Cinco horas lectivas diarias, veinticinco como mucho a la semana y, sin embargo, la formación que nos administraban nos ha dado para seguir tirando durante el resto de nuestros días; al menos la formación humanística, nada que ver con la de ahora… o en esa convicción me mantengo. No crean ustedes que se aprendía más literatura en la Facultad de Filosofía y Letras que la que nos enseñaron don Julio Francisco Ogando y don Teodoro Sanmartín en el Instituto del Posío, si he de ponerles el ejemplo de una asignatura que nunca se me dio mal del todo. No me sucedió así con la Química. Claro que yo no estudié Ciencias Químicas. Pero tampoco estudié Física y todavía recuerdo la de tercero de bachillerato impartida por el señor Sádaba a quien llamábamos Kekulé y era bueno, y cojo, y respetuoso con nosotros. 


Entonces, con nueve o diez años, hacíamos el ingreso en el bachillerato. Tres faltas de ortografía en la redacción o mal hecha una división por tres cifras y no te convertías en bachiller. Superado el cuarto curso te sometías al examen de Reválida de Bachiller Elemental y, si la superabas, accedías al quinto curso de bachillerato. Una vez superado el sexto, nueva Reválida y el curso preuniversitario al alcance de la mano. Luego accedías a la universidad.


Más tarde fui profesor. Entonces los alumnos de segundo de BUP tenían siete horas diarias de clase y no recuerdo ya si once asignaturas que debían superar a final de curso. Siete horas prestando atención a lo que el profesor indicase debemos de reconocer que eran muchas horas y que ningún adulto las soportaría de buen grado. Veinte minutos de estudio de una nueva lección, veinte de explicación y resolución de dudas por parte del profesor y otros veinte de prácticas de la materia en cuestión se consideraban más que suficientes a efectos de aprovechamiento de la materia impartida.

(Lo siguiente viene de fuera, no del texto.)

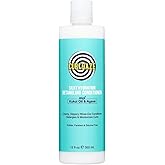 The Curldaze Silky Hydration Creamy Conditioner, Features the Kukui Oil (Koo-Koo-Ee) Oil, Rich in Omega-3 and Vitamins A, C, and E to Strengthen Hair, Agave to Add a Luxurious Shine for Daze!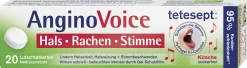 Tetesept AnginoVoice Hals Rachen Stimme 20 Lutschtabletten Kirsche 12 Tetesept AnginoVoice Hals Rachen Stimme 20 Lutschtabletten Kirsche -ALL STARS SHOP MAM 7925482 SHOP IMAGE 1.9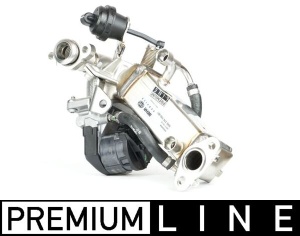 Supapa EGR (modul cu racitor) potrivit BMW 1 (E81), 1 (E82), 1 (E87), 1 (E88), 3 (E90), 3 (E91), 3 (E92), 3 (E93), 5 (E60), 5 (E61), X1 (E84) 2.0D 06.04-06.15 - Img 1
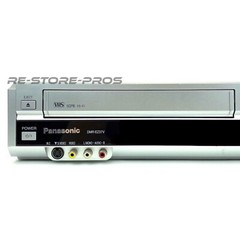 Panasonic DMR-EZ37V DVD VCR Combo Player VHS to DVD Recorder w/ Digital TV Tuner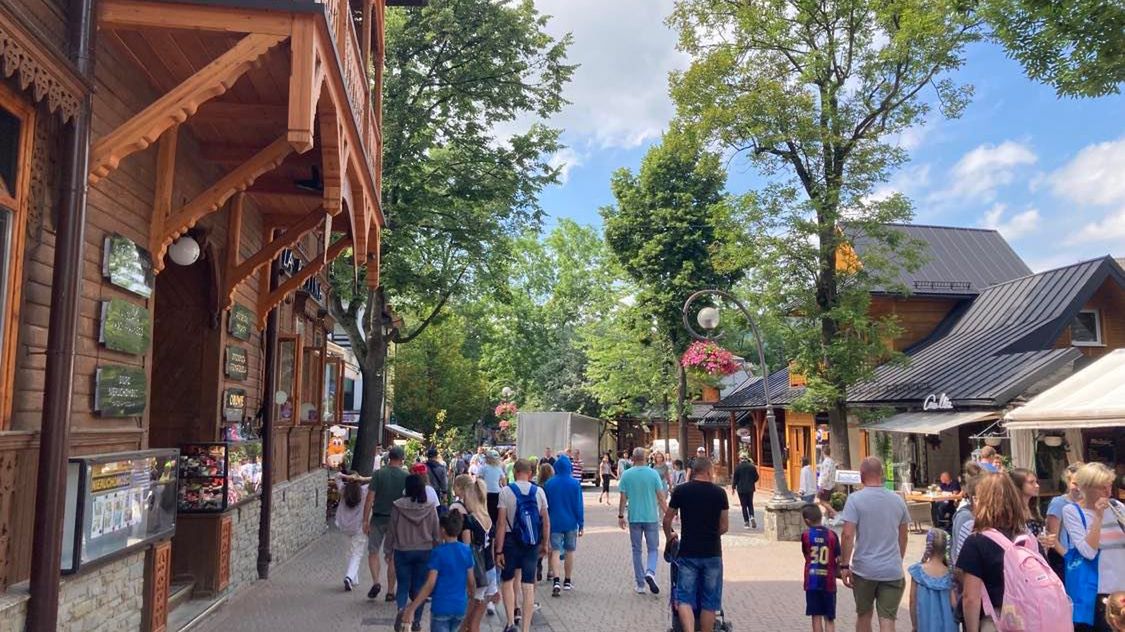 Zakopane przyciąga turystów o każdej porze roku, także wiosną i w czasie Świąt Wielkanocnych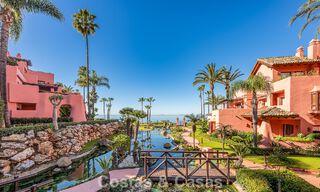 Eigentijds gerenoveerd appartement met open zeezicht te koop op de New Golden Mile, tussen Marbella en Estepona 804889 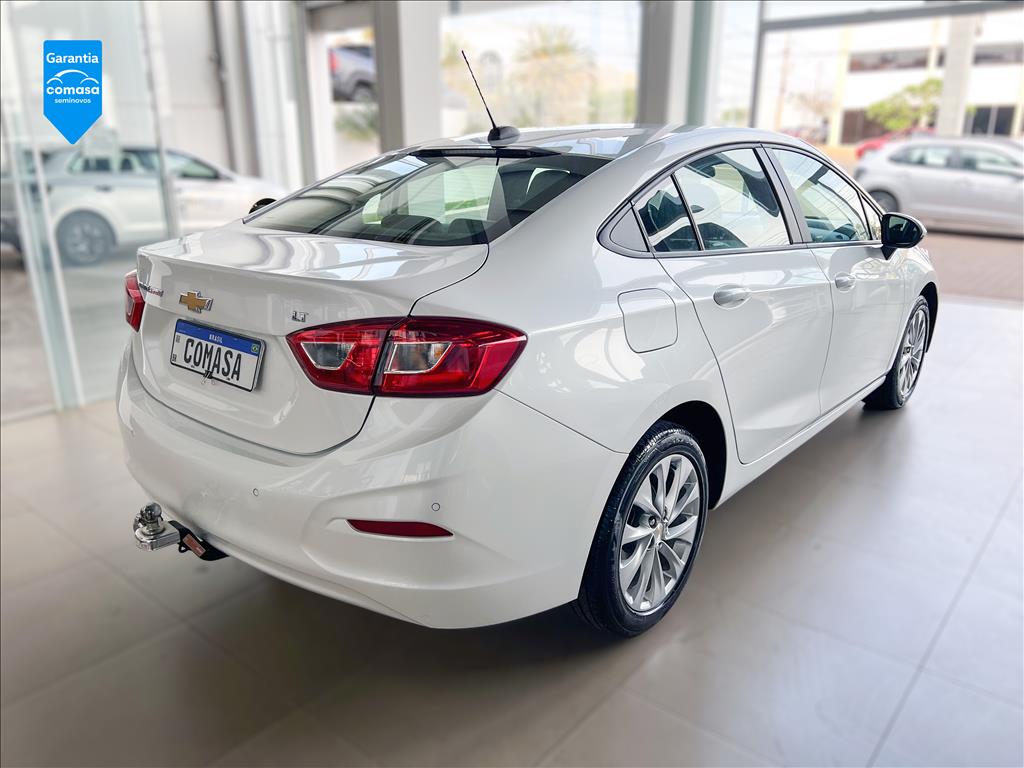 CRUZE 1.4 TURBO LT 16V FLEX 4P AUTOMÁTICO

Ignoro cómo estará ahora y cómo será tratado el asunto este de la enseñanza. Me aparté de él en el año ochenta y cinco del pasado siglo y no creo que el desempeño de tal oficio me haya dado mayores satisfacciones que las proporcionadas por algún antiguo alumno que otro que, en alguna que otra ocasión, me pudo decir que fui un buen profesor; al fin y al cabo la docencia siempre fue una ocupación de esclavos.
Ahora los cursos académicos duran meses y más meses y andan los padres y los profesores liados con que si deberes sí o si deberes no. Claro que hay que hacer “deberes”. El problema es dónde, cómo, con qué, para qué, bajo qué dirección y en queé cantidad y medida deben ser hechos. Alguien tendrá que poner orden. Sin embargo asombra la facilidad con la que todo el mundo opina. Mi difunto padre opinaba que todo el mundo sabía de Derecho y de Medicina y eso no le gustaba nada. Los tiempos han mudado mucho, ahora todo el mundo sabe cómo, cuándo, quién, qué y cómo deben ser enseñadas unas asignaturas y no ha dejado de haber atrevidos que le indican al médico que su diagnóstico debe de ser este y no otro, al juez cuál su sentencia o al abogado como substanciar su pleito y ahora a los profesores cómo enseñar sus materias. 
Está visto y comprobado somos un país de sabios, somos un país sapientísimo y resulta inexplicable que estemos cómo estamos. Es de esperar que no sea porque sabemos demasiado, empezando por los padres, claro. A ellos hay que escucharlos, pero estos han de atender a los profesores y una manera fundamental de hacerlo es no menoscabando la autoridad del profesor.